I think that one striking similarity between both works is the construction of the main character. That which is not real provides the essential fuel for both Gatsby and Othello. Gatsby's being is driven by a belief that is not real. His dream of Daisy is built on a "fairy's wing." It is not rooted in reality. It is driven by the aspirations in his mind. That which is not real is what drives Gatsby. In much the same way, Othello is animated by Iago's lies. The deception that Iago weaves is what drives Othello to believe the very worst about Desdemona and Cassio. Othello's fuel to uncover Desdemona's unfaithfulness is what motivates him and compels him. In both conditions, the protagonist of each narrative is fueled by a construction of reality that is not real.

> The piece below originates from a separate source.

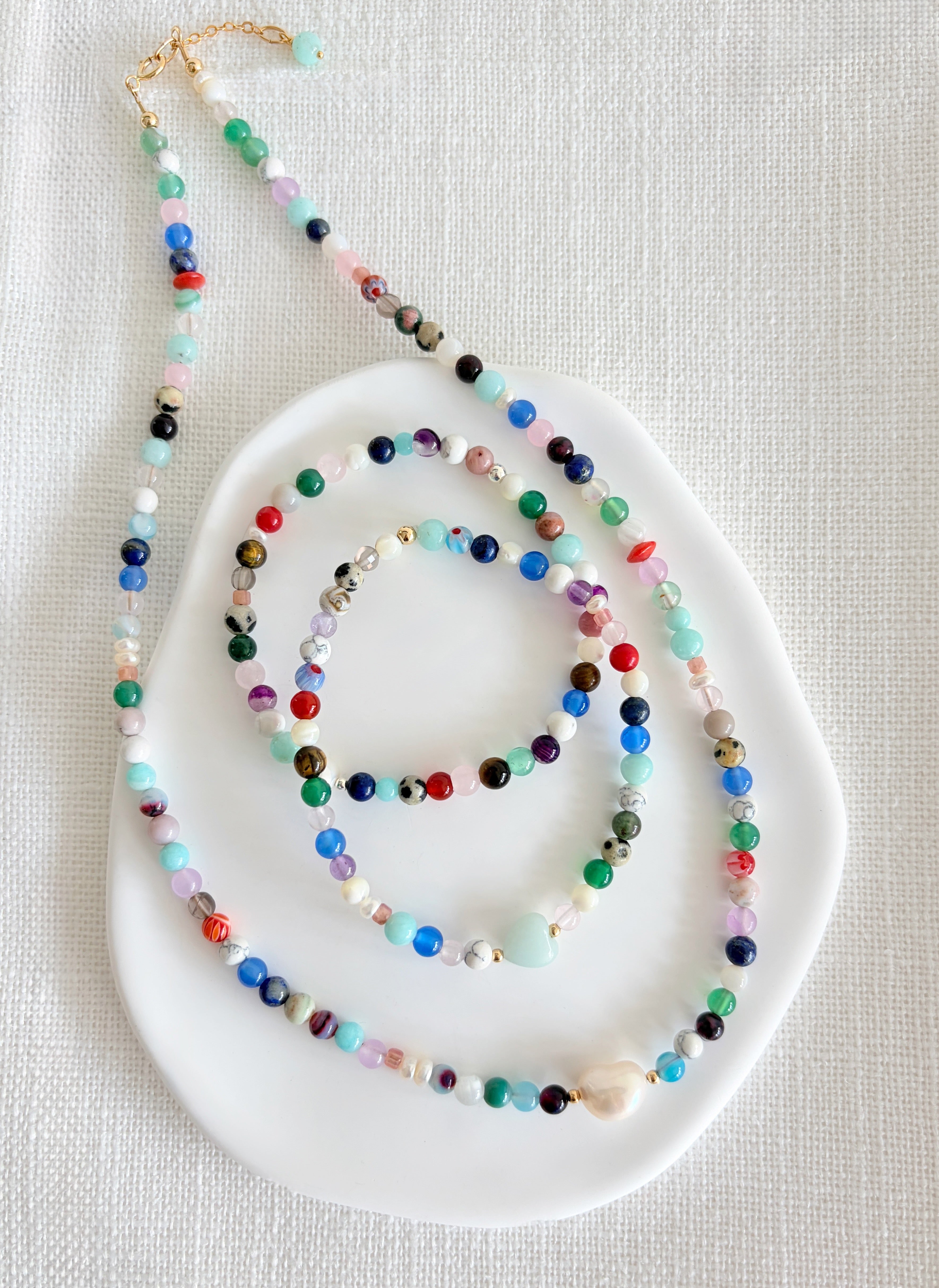 Featuring a glorious mix of vibrant semi precious beads, this beautiful bracelet is designed to add a touch of colour and elegance to any outfit. Choose between a charming Amazonite heart bead or an elegant baroque freshwater pearl as the centre.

This condition helps to illuminate another similarity between both protagonists. There is a refusal to confront reality in both Gatsby and Othello. For both men, an honest discussion, an open discourse, and a sober view of reality could help to avert the tragic conditions of each. Both men refuse to examine reality and embrace a condition that is either Romantic or conditional. Othello and Gatsby have so many attributes and demonstrate so much that is good. Yet, their inability to discuss their own lives and pursuits in an open and honest manner is what consigns them to failure and doom.